The most striking thing is how short the distance of recovery dropped after the fifth rep. Basically I was knackered and I didn't care that the watch was beeping its head off at me to jog a bit faster. Get stuffed, I said, I set you too fast for the recoveries!  I must admit, I have not breathed that hard while running for a long time, so there was a real sense of it doing good, in the old anaerobic training kind of way. Having that many reps was a different psychological game as well. I was able to keep pushing through, but around rep 4 and 5 I was talking myself into cutting back the number. After six I actually physically fet more comfortable with it even though I was getting more wrecked towards the end of each rep (as shown by the HRmax).

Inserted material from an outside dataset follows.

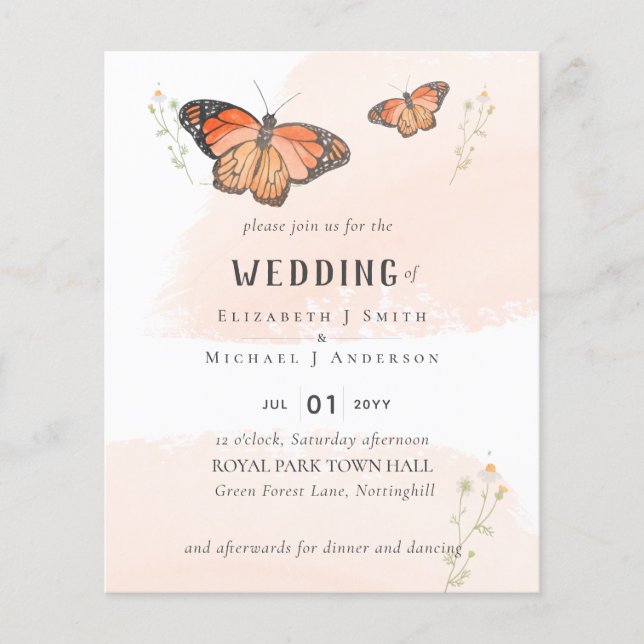 Butterflies paradise Watercolor Orange Wedding Fly Flyer (Front)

Overall I am pretty happy to have gotten through it and happy to have kept a reasonably even pace, through the hard reps at any rate. It certainly makes for a different set of numbers to get your head around as compared with, say five or six 800s or 1000s.

Nice easy social long run tomorrow.

4 comments:

Tesso said...

No wonder you and 2P ended up in the same blogging team, all those HR figures. But hey, it works!

So with your company Ekiden, are other employees as talented or enthusiastic about their running as you are?

Stephen Lacey said...

err...well...there is one guy who is a triathlete -- Nakagawa. My enemy... There is a prize for the fastest overall time for the 5k lap of the Imperial Palace. I won it two years ago (18:17), he got me last year (me 18:30, him 18:10 or so). I have broken 18:00 on the track once since then (just before the marathon) and was sort of hoping to break it around the Palace. A hard task though, and the interrupted training hasn't helped. But um, usually, no, most people are not quite as stoopidly obsessed as me. But there is a good turn up. I'll try and give a better description after the race. Funny, I still remember the first year this was on when I joined the company...I hadn't started running. They asked me to participate and I was like, uh uh...that sounds really, really harrrd!! LOL!!

Rachel said...

I'm buggered just reading those splits!

Unknown said...

Those splits should see you in front of your 'enemy', Stephen! I hope you have a reat run & look forward to reading all about it.

That maple at my front door (thanks for the comment!) is a beauty...called "Ever Red", a weeping variety. They'd be pretty common where you are!